_Captioned web images_:
####################

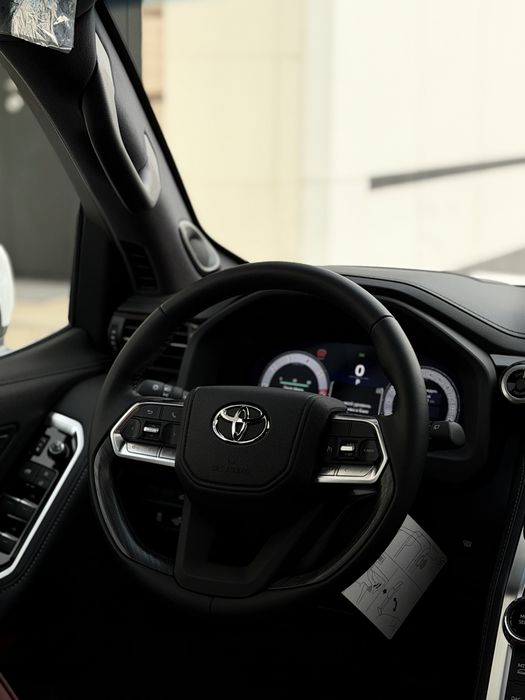 Toyota Land Cruiser 300 Full 3.5 turbo yili 2026 bez probeg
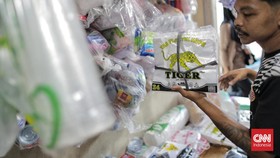 Pemerintah Lirik Singkong hingga Rumput Laut untuk Gantikan Plastik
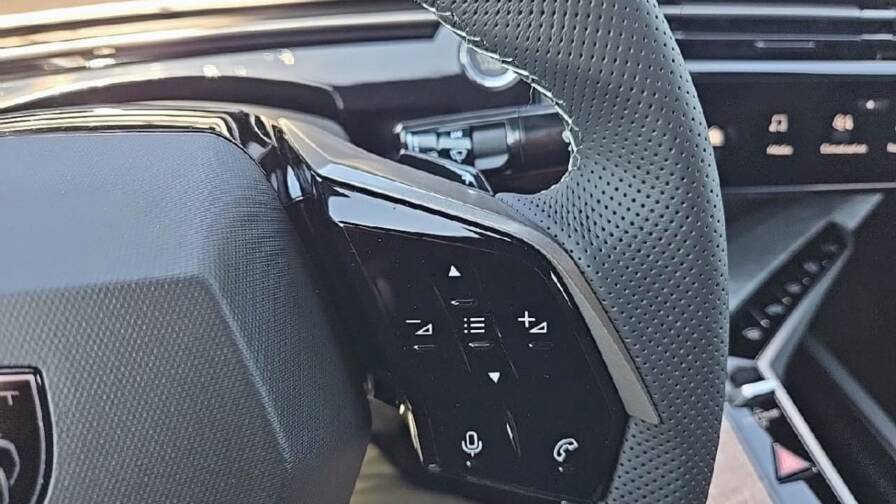 Mandataire Automobile neuf, recherche de Peugeot 3008-1-2-hybrid-145-gt-e-dcs6 - E-Motors
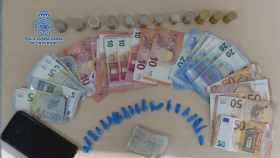 Droga y dinero incautado a un detenido en un operativo anti droga en Vilagarcía de Arousa.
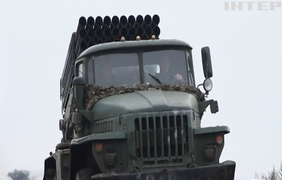 Українські артилеристи знищують окупантів з РСЗВ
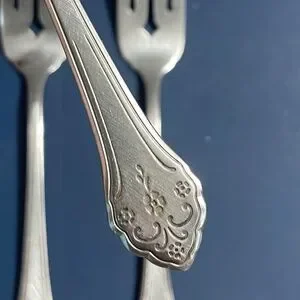 Vintage Oneida Profile Flatware Lakewood Pattern 3 Salad Dessert Forks Stainless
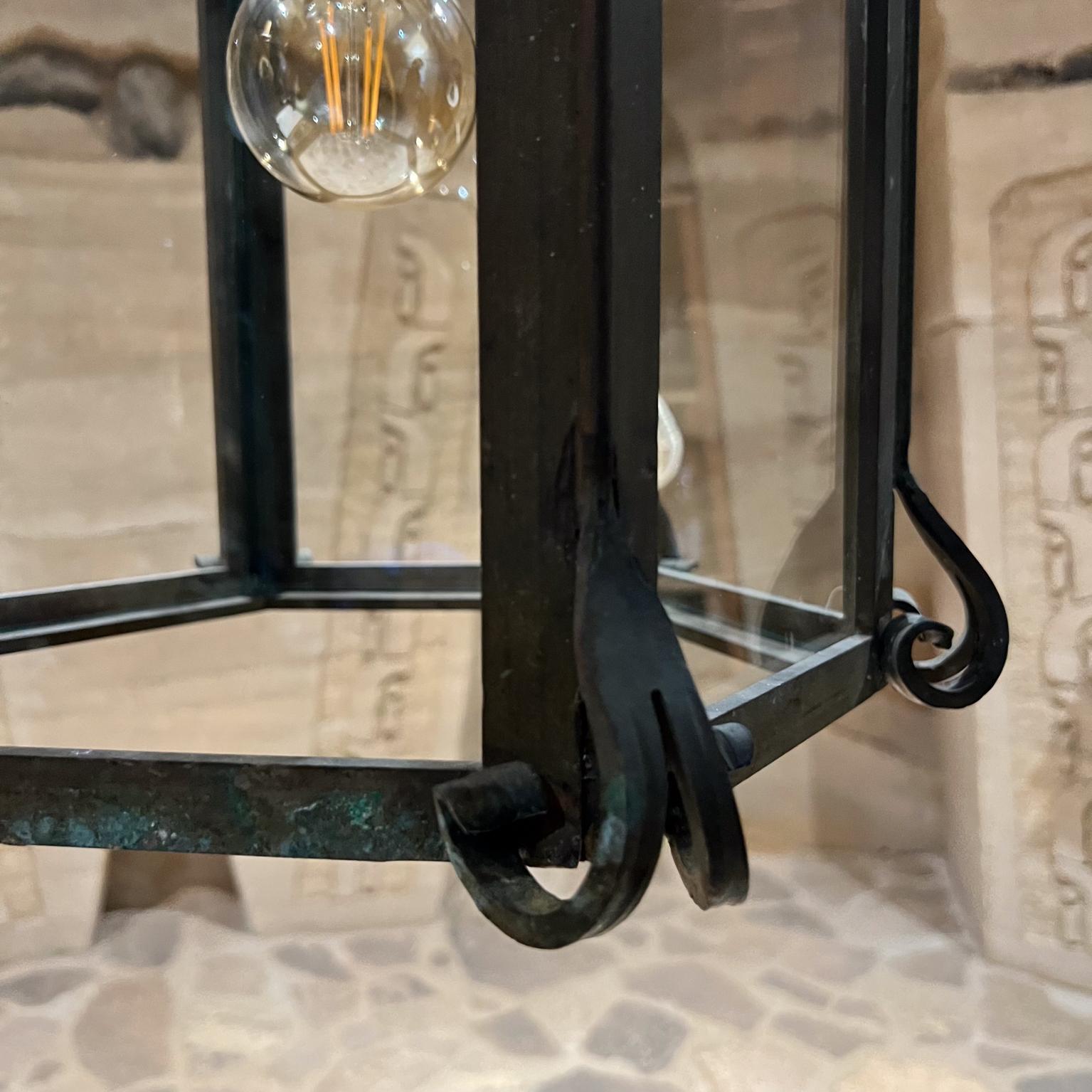 20ième siècle Lustre français ancien en bronze rustique forgé à la main en vente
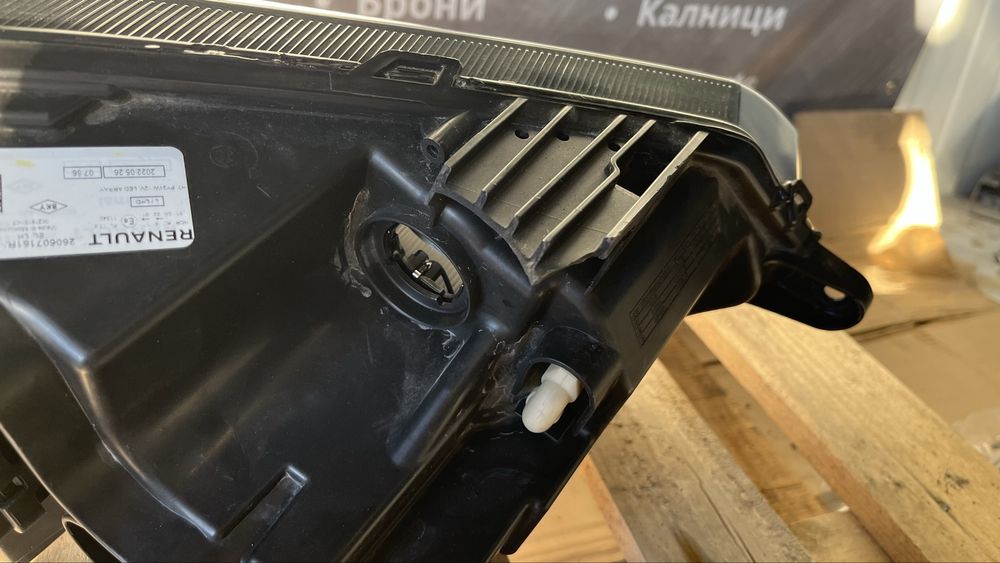 2 броя ляв фар Dacia Sandero 3 2020-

####################

_What is expected_:
Exactly as written, repeat the lines from the beginning of the entries up to and including the line with "Mandataire Automobile neuf, recherche", but not the pictures.

_Task result_:
 Toyota Land Cruiser 300 Full 3.5 turbo yili 2026 bez probeg
 Pemerintah Lirik Singkong hingga Rumput Laut untuk Gantikan Plastik
 Mandataire Automobile neuf, recherche de Peugeot 3008-1-2-hybrid-145-gt-e-dcs6 - E-Motors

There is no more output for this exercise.